**EXERCISE AIM:** For the listing below, return the line containing "Used 2020 Tesla", the line containing "(&euro;11,63*/1m) 3.00m Startech", and all lines in between, exactly as written and nothing else.

**INPUT DATA:**
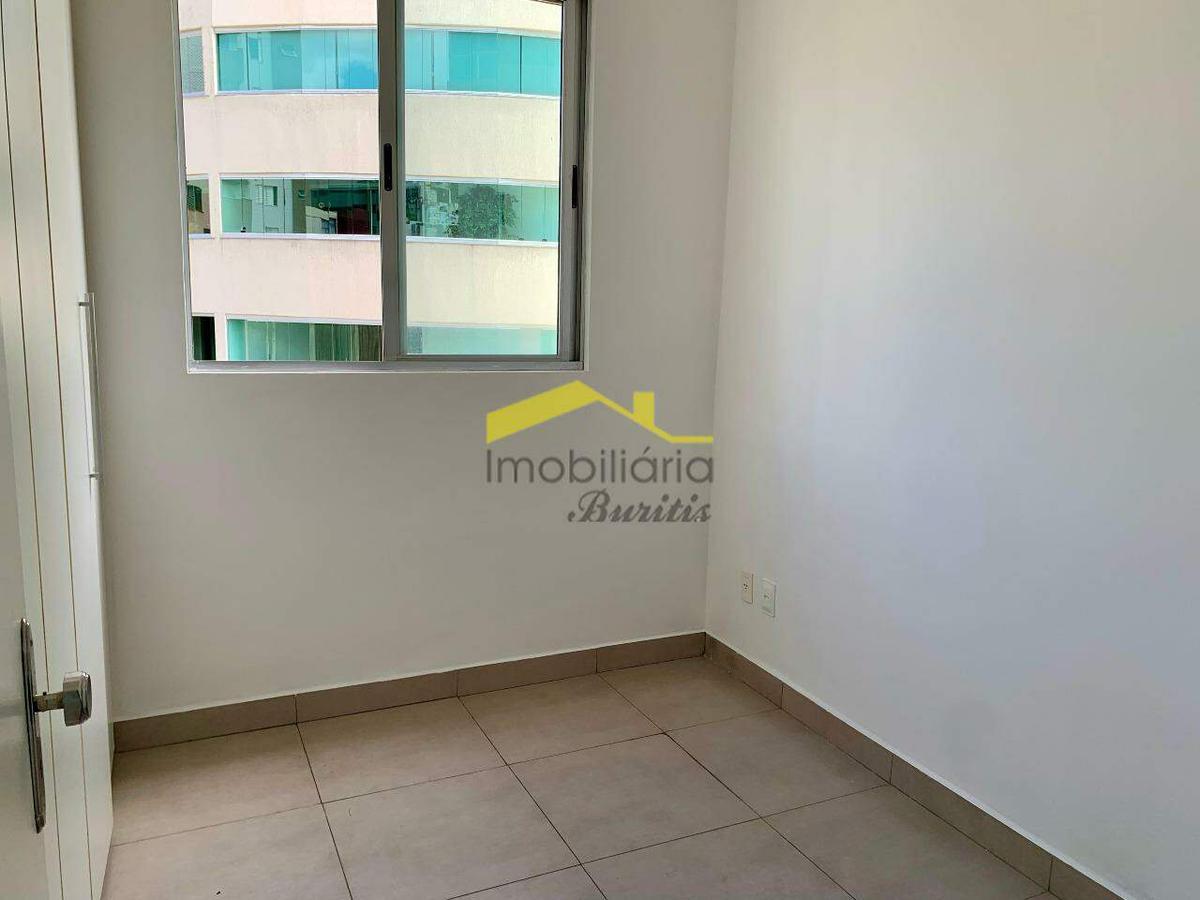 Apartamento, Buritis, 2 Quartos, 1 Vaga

==

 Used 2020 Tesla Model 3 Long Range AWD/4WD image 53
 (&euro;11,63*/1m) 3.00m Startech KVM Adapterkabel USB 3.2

* * *

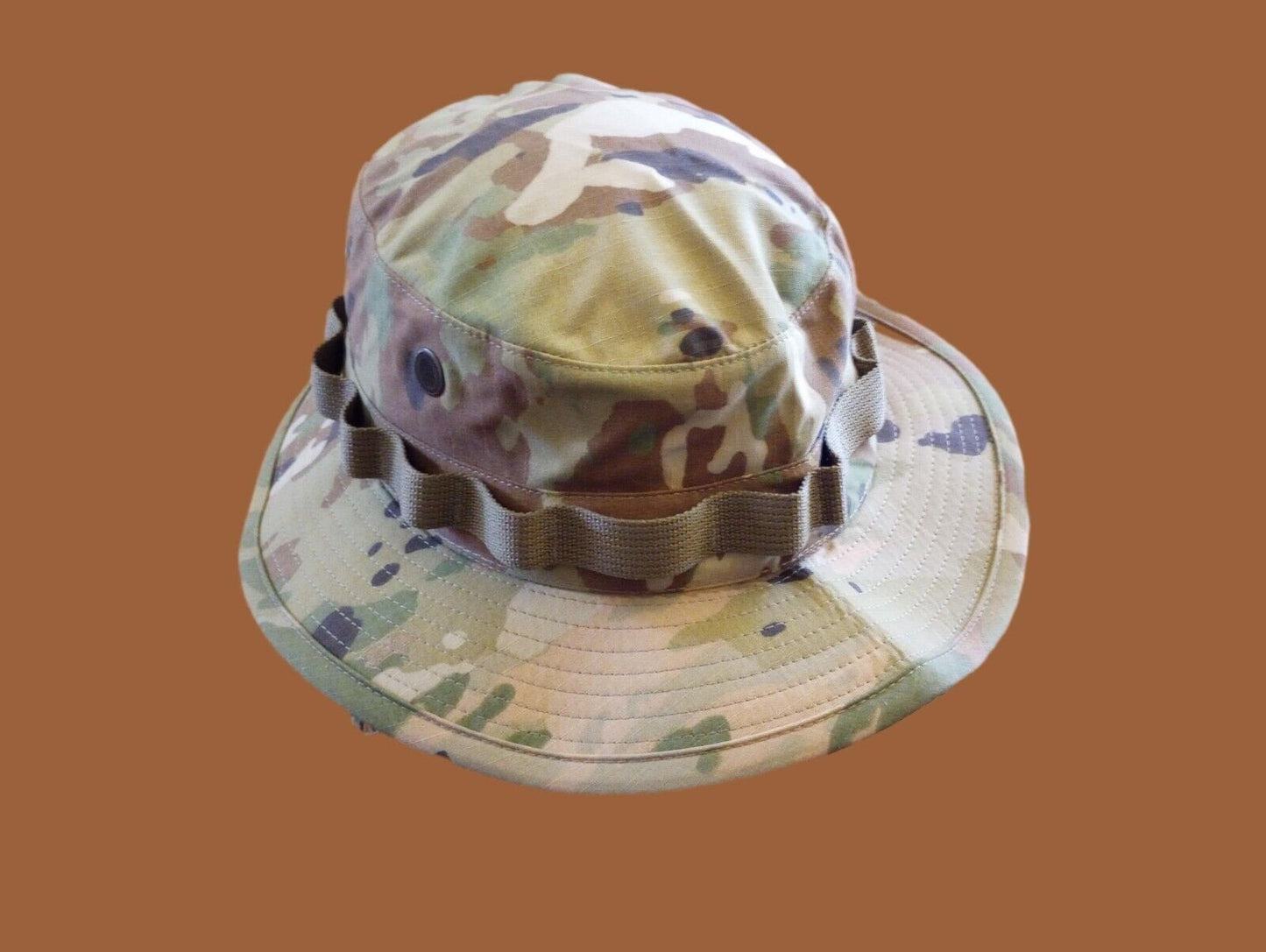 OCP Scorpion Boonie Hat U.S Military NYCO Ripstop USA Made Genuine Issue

**EXPECTED OUTPUT:**
 Used 2020 Tesla Model 3 Long Range AWD/4WD image 53
 (&euro;11,63*/1m) 3.00m Startech KVM Adapterkabel USB 3.2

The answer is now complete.